Hibernate Pitfalls part 2

This is the second installment of the Hibernate Pitfalls montage. Before we get to this one, I’d like to sum up some comments from the previous one. First of all, I did rename the series. Someone suggested that my title was a bit off and I agreed. Second, many folks wrote in to tell me I’m an idiot about delayed SQL and someone went as far as to tell me that I have no idea about databases. Delaying the execution of SQL really doesn’t impact any portion of Hibernate at all except batching. If Hibernate went to the database after every statement, the only impact would be possibly performance and that would be it. It would still be able to lazy fetch and all the other nice features it has.

Remember that Hibernate is an ORM tool and I’m identifying points of pain that I and many others have felt for a long time with Hibernate. I’m not stating that Hibernate as a tool is completely worthless, I’m just pointing out places where I believe Hibernate is trying to be too smart, or is doing something I feel is cumbersome, annoying, obscure, etc. Now, on to todays installment.
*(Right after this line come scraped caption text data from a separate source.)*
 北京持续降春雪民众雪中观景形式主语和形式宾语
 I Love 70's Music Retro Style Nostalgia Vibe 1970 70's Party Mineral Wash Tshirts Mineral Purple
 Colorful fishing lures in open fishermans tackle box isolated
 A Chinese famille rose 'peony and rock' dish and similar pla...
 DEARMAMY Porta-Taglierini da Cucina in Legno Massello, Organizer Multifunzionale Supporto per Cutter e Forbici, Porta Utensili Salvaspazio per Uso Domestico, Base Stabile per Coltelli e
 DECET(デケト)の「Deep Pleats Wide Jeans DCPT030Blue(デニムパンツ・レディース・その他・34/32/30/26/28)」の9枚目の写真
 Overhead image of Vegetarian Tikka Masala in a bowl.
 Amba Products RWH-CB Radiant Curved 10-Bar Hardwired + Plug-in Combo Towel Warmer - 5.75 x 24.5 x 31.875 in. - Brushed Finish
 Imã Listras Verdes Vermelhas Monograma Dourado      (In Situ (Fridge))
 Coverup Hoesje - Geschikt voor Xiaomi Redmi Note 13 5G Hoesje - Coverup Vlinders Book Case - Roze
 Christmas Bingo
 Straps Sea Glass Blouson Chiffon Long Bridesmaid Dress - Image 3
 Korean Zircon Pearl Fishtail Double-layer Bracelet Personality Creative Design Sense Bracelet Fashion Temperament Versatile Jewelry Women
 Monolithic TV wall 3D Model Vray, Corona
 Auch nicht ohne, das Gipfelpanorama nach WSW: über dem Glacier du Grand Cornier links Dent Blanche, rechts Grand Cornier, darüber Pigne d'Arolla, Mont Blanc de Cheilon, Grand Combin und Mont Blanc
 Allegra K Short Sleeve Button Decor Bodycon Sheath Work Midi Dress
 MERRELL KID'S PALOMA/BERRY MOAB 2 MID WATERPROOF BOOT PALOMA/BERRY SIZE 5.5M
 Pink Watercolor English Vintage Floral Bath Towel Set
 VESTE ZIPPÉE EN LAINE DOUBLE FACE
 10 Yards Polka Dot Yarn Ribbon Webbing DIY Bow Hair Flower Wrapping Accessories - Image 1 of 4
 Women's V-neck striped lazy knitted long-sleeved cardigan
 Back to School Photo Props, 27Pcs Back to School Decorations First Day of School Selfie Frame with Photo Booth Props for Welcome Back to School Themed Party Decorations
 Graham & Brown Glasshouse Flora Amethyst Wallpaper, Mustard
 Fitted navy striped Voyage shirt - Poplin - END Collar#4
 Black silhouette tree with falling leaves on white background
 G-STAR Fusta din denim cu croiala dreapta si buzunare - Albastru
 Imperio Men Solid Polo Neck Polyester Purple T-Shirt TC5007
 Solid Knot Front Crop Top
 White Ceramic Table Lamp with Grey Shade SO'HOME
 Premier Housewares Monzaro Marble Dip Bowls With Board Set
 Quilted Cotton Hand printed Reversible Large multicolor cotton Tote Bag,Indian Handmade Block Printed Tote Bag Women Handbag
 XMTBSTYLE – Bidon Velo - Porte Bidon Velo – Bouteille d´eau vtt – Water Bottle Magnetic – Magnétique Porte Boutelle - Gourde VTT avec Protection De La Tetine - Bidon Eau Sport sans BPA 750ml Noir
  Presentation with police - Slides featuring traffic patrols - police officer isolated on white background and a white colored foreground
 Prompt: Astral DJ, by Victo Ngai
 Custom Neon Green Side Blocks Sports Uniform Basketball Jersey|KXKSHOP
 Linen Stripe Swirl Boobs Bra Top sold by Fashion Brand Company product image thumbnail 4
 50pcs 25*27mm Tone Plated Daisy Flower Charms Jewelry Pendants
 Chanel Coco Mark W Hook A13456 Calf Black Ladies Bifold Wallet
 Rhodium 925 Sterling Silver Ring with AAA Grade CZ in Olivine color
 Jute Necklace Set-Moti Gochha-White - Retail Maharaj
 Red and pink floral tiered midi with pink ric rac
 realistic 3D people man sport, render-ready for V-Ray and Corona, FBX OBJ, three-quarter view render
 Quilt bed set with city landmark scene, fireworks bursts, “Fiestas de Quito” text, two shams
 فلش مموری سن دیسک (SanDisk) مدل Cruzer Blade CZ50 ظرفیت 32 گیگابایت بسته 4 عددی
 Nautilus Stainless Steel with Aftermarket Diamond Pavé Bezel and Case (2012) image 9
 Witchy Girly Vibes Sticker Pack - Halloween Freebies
In this episode we will be delving into another facet of Hibernate that has also spilled over into JPA (it appears) that can have some very difficult to handle consequences.

In this episode we’ll explore the pitfall known as implicit updates:

As we have already seen, Hibernate maintains a cache of Objects that have been inserted, updated or deleted. It also maintains a cache of Objects that have been queried from the database. These Objects are referred to as persistent Objects as long as the EntityManager that was used to fetch them is still active. What this means is that any changes to these Objects within the bounds of a transaction are automatically persisted when the transaction is committed. These updates are implicit within the boundary of the transaction and you don’t have to explicitly call any method to persist the values. Here’s an example to illustrate this. This uses the same table and entity as part 1:

EntityManager em = emf.createEntityManager();
EntityTransaction et = em.getTransaction();

et.begin();
Test t = new Test();
t.setName("Foo");
t.setId(1);
em.persist(t);
et.commit();
em.close();

em = emf.createEntityManager();
et = em.getTransaction();
et.begin();
t = (Test) em.createQuery("select test from Test test where test.name = 'Foo'").getSingleResult();
t.setName("Bar");
et.commit(); // This implicitly performs an update of test where id = 1
em.close();

Connection c = ds.getConnection();
Statement s = c.createStatement();
ResultSet rs = s.executeQuery("select * from Test where id = 1");
Assert.assertTrue(rs.next());
Assert.assertEquals("Bar", rs.getString("name"));

As you can see, Hibernate is storing a reference to the Test Object we fetched from the database using a JPA query. If we modify that Object using any of the properties within a transaction, all of the modifications will be persisted when the transaction is committed implicitly.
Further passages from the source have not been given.